Seasoned Spoon, the co-op café at Trent University, was under renovation this summer when we toured in July, but it was still a lovely space. Huge windows opening out into the view over rolling hills and forest, cozy sitting areas are fitted in all around, and the tiny kitchen turns out 150-200 meals each day during the school year. The members of the co-op are the students who eat there.

New kitchen space and a better cash register area are going in to manage traffic flow at this well-established café, celebrating its 15th anniversary this year. It currently provides work for four core staff and thirty volunteers; Aimee Blyth is the manager, and was kind enough to provide a tour during the off-season. Thanks to the university partnership, they also have sixteen paid work-study student positions. They serve breakfast and lunch daily during the school year from September to April. Students can eat there on their menu plan; the focus is vegetarian meals, sourced as locally as possible.

Seasoned Spoon is much more than a café though; they provide weekly skill-building workshops, and Pay What You Can community meals with a speaker or video presentation. There is no locked in contract with a food service company like Sysco (as is often required at universities), so they can prioritize local food. And local for them is very local; the Trent Vegetable Gardens provided 7000 lbs. of food to the café last year, and the gardens are just a short walk from the café.

Of course, the major harvest is in the summer holidays, so they also have created storage solutions. In the summer they freeze everything they can, including spinach and other greens.

They can also boast of a magnificent root cellar, built as a rammed earth bag structure in partnership with the natural building experts at the Endeavour Centre and the Trent Community Research Centre.
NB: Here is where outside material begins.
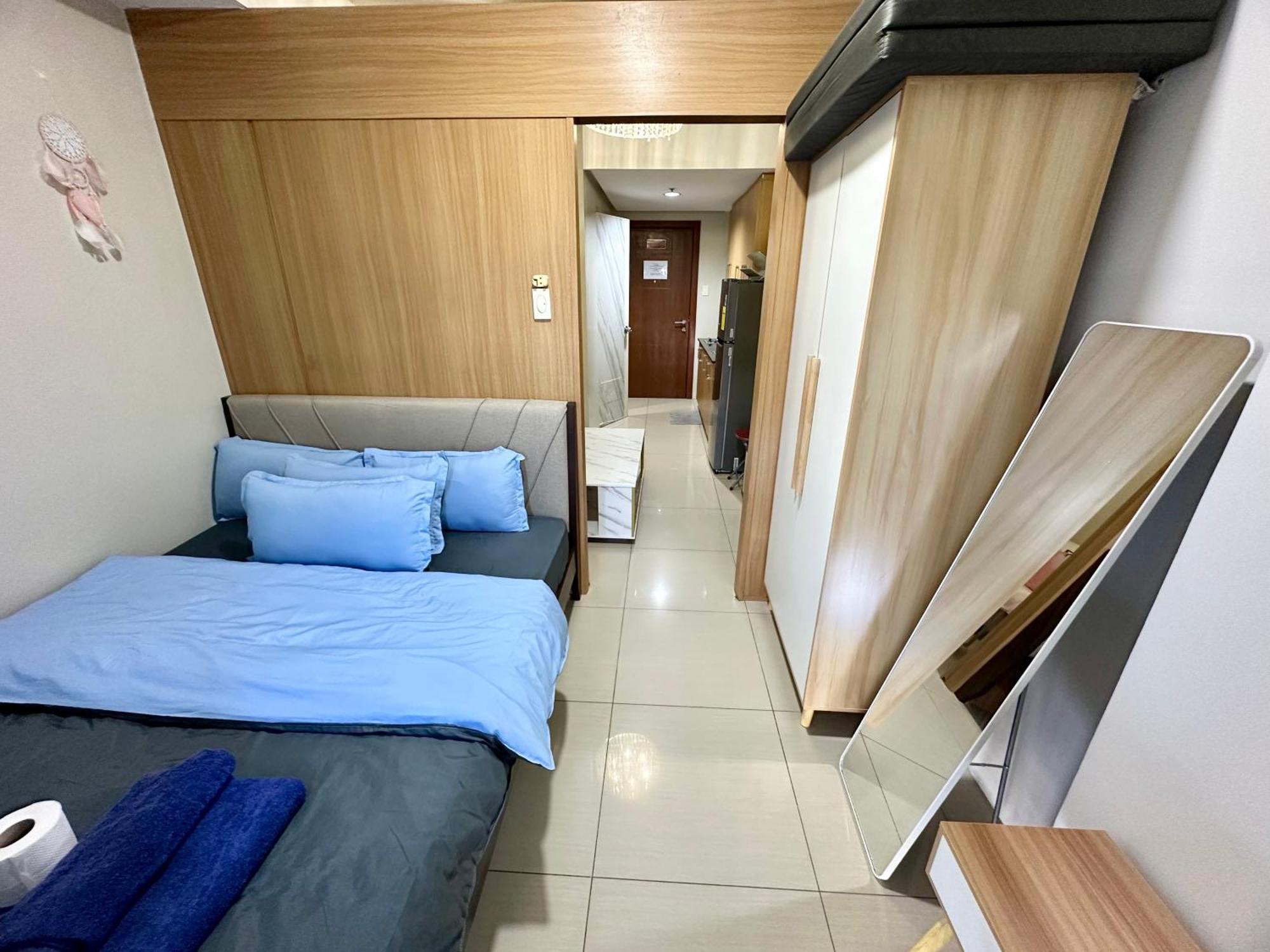 Kathys Crib 11th Flr Aparthotel Manila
They got a zero interest loan from the student union to build it into a hill (see photo). It has a solar panel on top, and temperature sensors to maintain a stable climate.

They also buy a lot of ingredients from over twenty local suppliers; they focus on farmers with winter storage to balance the produce they have from the garden in season.

The gardens have been there since 2006 and reflect a social purpose and co-operative framework as well. Emma Macdonald (on the left in photo) is currently the Farm Manager of the ¼ acre market garden. Local community groups can have their own plot there in the community quadrant; OxFam has a garden for low income people in the area, and a Three Sisters (corn/ bean/ squash) garden is managed by the Flint Corn Community Project in partnership with  Farms At Work. The greenhouse is shared with the Environmental Science program. An impressive pile of compost is courtesy of the university’s green bin program, and accepts also several bags of trimmings each day from the café. There is more produce than the café can handle, so the gardens also donate to other community organizations. They work with the Seasoned Spoon Café to deliver workshops like canning, seed-saving, bee-keeping.